(Source records)

===============

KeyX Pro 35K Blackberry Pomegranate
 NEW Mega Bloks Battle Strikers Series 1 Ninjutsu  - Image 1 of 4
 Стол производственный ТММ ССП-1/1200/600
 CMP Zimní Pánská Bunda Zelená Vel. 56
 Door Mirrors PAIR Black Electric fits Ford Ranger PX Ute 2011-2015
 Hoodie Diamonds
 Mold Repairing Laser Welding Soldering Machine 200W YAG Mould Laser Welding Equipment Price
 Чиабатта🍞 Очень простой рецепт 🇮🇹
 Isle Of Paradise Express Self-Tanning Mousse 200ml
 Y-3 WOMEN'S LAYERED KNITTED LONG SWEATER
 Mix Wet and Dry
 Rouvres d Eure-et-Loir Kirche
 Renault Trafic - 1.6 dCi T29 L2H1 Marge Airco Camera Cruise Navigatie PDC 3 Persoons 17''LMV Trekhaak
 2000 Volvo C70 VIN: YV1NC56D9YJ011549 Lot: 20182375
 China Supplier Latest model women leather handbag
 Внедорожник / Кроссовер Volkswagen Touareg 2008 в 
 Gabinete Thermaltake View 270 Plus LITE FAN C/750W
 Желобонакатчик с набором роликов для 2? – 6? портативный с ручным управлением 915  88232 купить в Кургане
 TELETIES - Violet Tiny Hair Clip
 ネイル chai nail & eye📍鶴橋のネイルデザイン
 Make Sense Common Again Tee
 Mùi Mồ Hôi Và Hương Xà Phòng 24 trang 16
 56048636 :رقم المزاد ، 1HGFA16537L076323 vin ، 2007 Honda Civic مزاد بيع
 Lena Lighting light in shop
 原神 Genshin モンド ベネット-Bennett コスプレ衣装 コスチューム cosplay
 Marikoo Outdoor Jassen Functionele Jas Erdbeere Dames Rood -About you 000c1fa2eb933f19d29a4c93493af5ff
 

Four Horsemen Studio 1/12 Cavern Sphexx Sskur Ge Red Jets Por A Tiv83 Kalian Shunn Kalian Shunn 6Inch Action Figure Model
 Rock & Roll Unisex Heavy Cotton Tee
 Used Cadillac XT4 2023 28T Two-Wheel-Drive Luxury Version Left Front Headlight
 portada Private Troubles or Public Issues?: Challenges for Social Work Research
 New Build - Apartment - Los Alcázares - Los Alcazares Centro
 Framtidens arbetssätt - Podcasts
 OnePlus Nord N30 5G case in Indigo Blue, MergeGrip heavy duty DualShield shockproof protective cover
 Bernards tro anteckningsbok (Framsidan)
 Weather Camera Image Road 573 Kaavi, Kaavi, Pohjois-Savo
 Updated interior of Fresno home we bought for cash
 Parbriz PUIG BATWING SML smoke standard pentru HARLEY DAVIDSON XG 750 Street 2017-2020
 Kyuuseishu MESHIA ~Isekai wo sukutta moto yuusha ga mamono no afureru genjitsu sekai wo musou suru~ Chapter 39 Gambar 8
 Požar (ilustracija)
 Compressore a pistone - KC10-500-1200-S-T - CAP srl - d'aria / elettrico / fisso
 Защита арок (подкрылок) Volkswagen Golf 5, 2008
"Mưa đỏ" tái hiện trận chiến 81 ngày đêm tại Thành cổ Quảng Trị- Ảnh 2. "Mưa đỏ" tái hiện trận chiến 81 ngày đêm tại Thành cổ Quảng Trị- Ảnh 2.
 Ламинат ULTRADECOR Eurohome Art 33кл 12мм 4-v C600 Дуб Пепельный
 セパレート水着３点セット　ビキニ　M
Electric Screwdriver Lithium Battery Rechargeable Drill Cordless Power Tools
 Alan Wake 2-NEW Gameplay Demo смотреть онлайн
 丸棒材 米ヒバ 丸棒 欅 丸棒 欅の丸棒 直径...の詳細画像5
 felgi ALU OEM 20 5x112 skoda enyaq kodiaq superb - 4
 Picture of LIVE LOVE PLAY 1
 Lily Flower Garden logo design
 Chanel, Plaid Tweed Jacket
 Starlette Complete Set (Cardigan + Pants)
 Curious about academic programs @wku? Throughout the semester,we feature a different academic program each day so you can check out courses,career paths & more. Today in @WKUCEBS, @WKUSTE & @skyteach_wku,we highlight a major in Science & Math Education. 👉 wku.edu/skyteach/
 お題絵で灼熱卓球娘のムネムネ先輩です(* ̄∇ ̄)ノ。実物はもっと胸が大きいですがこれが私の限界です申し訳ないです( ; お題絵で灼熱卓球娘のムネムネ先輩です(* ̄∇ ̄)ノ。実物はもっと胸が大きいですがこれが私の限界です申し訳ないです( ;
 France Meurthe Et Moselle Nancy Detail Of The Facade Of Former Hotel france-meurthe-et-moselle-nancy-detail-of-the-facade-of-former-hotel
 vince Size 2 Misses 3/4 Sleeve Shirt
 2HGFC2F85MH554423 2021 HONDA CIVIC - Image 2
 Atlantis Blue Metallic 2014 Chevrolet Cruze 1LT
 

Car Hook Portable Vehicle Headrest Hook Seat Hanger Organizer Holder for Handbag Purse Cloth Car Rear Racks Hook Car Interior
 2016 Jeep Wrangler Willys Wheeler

===============

_Aim of the task_.
Please give back only the lines between the first line of the entries and the line with "Bernards tro anteckningsbok (Framsidan)", both ends included, word for word.

_Answer section_.
KeyX Pro 35K Blackberry Pomegranate
 NEW Mega Bloks Battle Strikers Series 1 Ninjutsu  - Image 1 of 4
 Стол производственный ТММ ССП-1/1200/600
 CMP Zimní Pánská Bunda Zelená Vel. 56
 Door Mirrors PAIR Black Electric fits Ford Ranger PX Ute 2011-2015
 Hoodie Diamonds
 Mold Repairing Laser Welding Soldering Machine 200W YAG Mould Laser Welding Equipment Price
 Чиабатта🍞 Очень простой рецепт 🇮🇹
 Isle Of Paradise Express Self-Tanning Mousse 200ml
 Y-3 WOMEN'S LAYERED KNITTED LONG SWEATER
 Mix Wet and Dry
 Rouvres d Eure-et-Loir Kirche
 Renault Trafic - 1.6 dCi T29 L2H1 Marge Airco Camera Cruise Navigatie PDC 3 Persoons 17''LMV Trekhaak
 2000 Volvo C70 VIN: YV1NC56D9YJ011549 Lot: 20182375
 China Supplier Latest model women leather handbag
 Внедорожник / Кроссовер Volkswagen Touareg 2008 в 
 Gabinete Thermaltake View 270 Plus LITE FAN C/750W
 Желобонакатчик с набором роликов для 2? – 6? портативный с ручным управлением 915  88232 купить в Кургане
 TELETIES - Violet Tiny Hair Clip
 ネイル chai nail & eye📍鶴橋のネイルデザイン
 Make Sense Common Again Tee
 Mùi Mồ Hôi Và Hương Xà Phòng 24 trang 16
 56048636 :رقم المزاد ، 1HGFA16537L076323 vin ، 2007 Honda Civic مزاد بيع
 Lena Lighting light in shop
 原神 Genshin モンド ベネット-Bennett コスプレ衣装 コスチューム cosplay
 Marikoo Outdoor Jassen Functionele Jas Erdbeere Dames Rood -About you 000c1fa2eb933f19d29a4c93493af5ff
 

Four Horsemen Studio 1/12 Cavern Sphexx Sskur Ge Red Jets Por A Tiv83 Kalian Shunn Kalian Shunn 6Inch Action Figure Model
 Rock & Roll Unisex Heavy Cotton Tee
 Used Cadillac XT4 2023 28T Two-Wheel-Drive Luxury Version Left Front Headlight
 portada Private Troubles or Public Issues?: Challenges for Social Work Research
 New Build - Apartment - Los Alcázares - Los Alcazares Centro
 Framtidens arbetssätt - Podcasts
 OnePlus Nord N30 5G case in Indigo Blue, MergeGrip heavy duty DualShield shockproof protective cover
 Bernards tro anteckningsbok (Framsidan)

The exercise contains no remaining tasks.